¡Loor y gloria al capitán Aldana, otro de los poetas menores ya bastante “mayorcitos”! La crítica le ha reconocido siempre un magisterio que, por mil vicisitudes que se escapan a los estrechos límites de estos comentarios, nunca ha llegado a calar entre los lectores. Se le recuerda, principalmente, por su lírica amorosa de matizada impronta erótica, en la que alcanzó cotas supremas, como queda patente en su soneto más reproducido (“¿Cuál es la causa, mi Damón, que estando / en la lucha de amor juntos, trabados…”); pero Aldana cultivó también las venas religiosa, metafísica y narrativa, y en todas ellas dejó auténticas obras maestras. Yo creo, empero, que este soneto es, sin duda, su poema más hermoso: Aldana, fatigado por su agitada vida de soldado (nacido en Nápoles, participó en numerosas batallas y fue puesto por el rey Felipe II a disposición de su sobrino, el rey don Sebastián de Portugal, quien lo arrastró a la muerte en Marruecos, en la tan caballeresca como estúpida batalla de Alcazarquivir), imagina la vida eterna no como una absurda contemplación extasiada del rostro de Dios, sino como la independencia que adquiere el alma, ya despojada de las servidumbres corporales, para gozar, libremente, de la amena compañía y la conversación de los amigos.

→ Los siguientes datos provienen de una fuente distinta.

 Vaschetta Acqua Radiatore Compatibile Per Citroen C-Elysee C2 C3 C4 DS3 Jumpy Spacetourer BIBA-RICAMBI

XV.- Francisco de Aldana (1537-1578).
El ímpetu crüel de mi destino,
¡cómo me arroja miserablemente
de tierra en tierra, de una en otro gente,
cerrando a mi quietud siempre el camino!
¡Oh, si tras tanto mal, grave y contino,
roto su velo mísero y doliente,
el alma, con un vuelo diligente,
volviese a la región de donde vino!:
iríame por el cielo en compañía
del alma de algún caro y dulce amigo,
con quien hice común acá mi suerte;
¡oh, qué montón de cosas le diría,
cuáles y cuántas, sin temer castigo
de fortuna, de amor, de tiempo y muerte!
Precioso soneto, uno de los mejores cantos a la amistad que he leído.